More recently, advanced tools such as generative AI have also gained attention. For educators, generative AI can streamline the creation of contextualized content, problem setting, lesson design and exercise generation. For students, dialogue with AI allows them to explore how mathematics can be used in different contexts and deepen their understanding. For example, using AI-generated scenarios as the basis for data analysis and modelling activities can help link contextual knowledge with mathematical concepts.

The future development of mathematical literacy requires a strong theoretical and practical foundation. This includes organizing the relationships between contextual, conceptual and procedural knowledge and building pedagogical models based on empirical research. Careful consideration needs to be given to the possibilities and limitations of integrating generative AI into education. While AI can provide individualized learning opportunities, it also requires a redefinition of the role of the teacher – from knowledge provider to learning facilitator.

Investment in educational infrastructure is also essential. This includes expanding access to high-quality online resources, developing interdisciplinary numeracy programs and overhauling teacher training.
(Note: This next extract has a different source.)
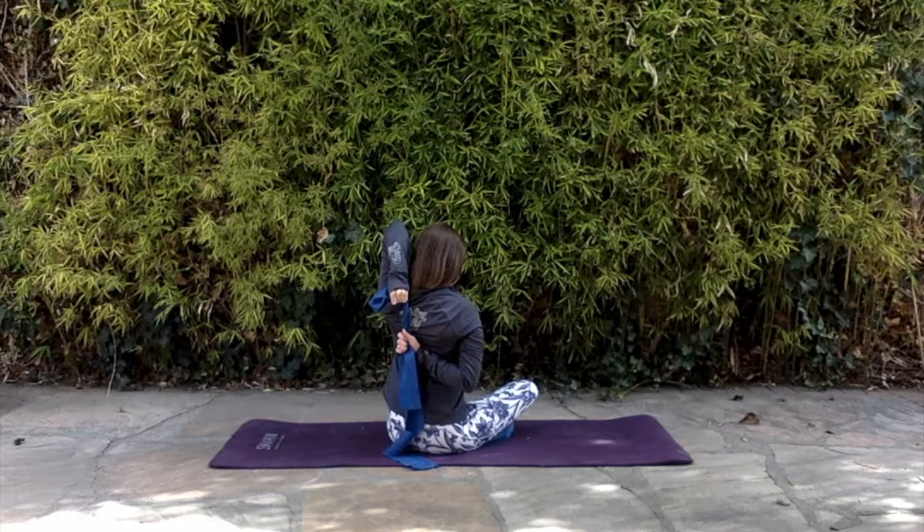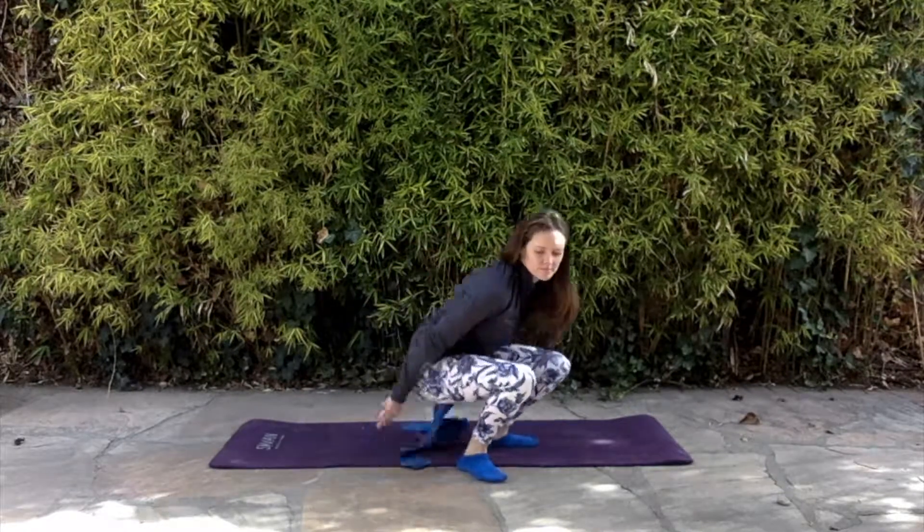Once you're there, hold that stretch for as long as is comfortable and then you can switch sides. And that's how you can modify the cow's face pose if you haven't got flexible shoulders.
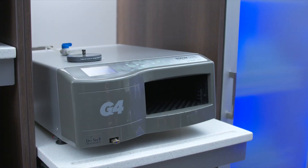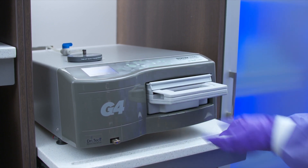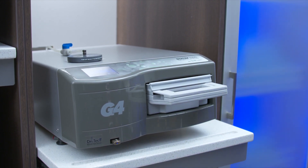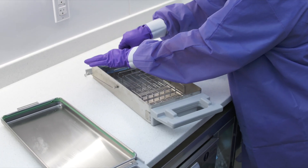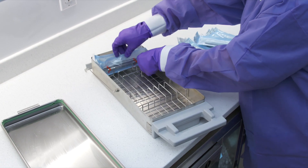The STATUM 5000 cassette is similar but has a handle that assists with the removal and insertion of the cassette. In addition, your STATUM 5000 unit comes with a wire pouch rack to help pouched instruments dry more efficiently.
Designing inquiry-based curricula capable of addressing complex societal issues requires interdisciplinary collaboration. The integration of ICT and mathematical literacy provides a basis for improving real-world problem-solving skills. As the educational environment evolves with technological advances, practices that enable meaningful, contextualized mathematics learning are expected to deepen.

Finally, based on previous research and practice, the following policy recommendations are proposed: First, explicitly include the development of mathematical literacy in curriculum design, including for non-STEM students, to promote reasoning. Second, restructure teacher education and training programs to develop teachers who can also act as digital literacy coaches and AI-integrated lesson designers, providing hands-on ICT and interdisciplinary learning opportunities. Third, increase investment in education infrastructure. In addition to expanding access to accessible digital materials, open data and classroom ICT equipment, it is essential to promote the development and dissemination of exploratory, cross-disciplinary learning materials through innovative teaching methods and collaborative efforts. The integration of mathematical literacy and ICT into education policies and systems will contribute significantly to the development of citizens who are able to engage flexibly and critically in society.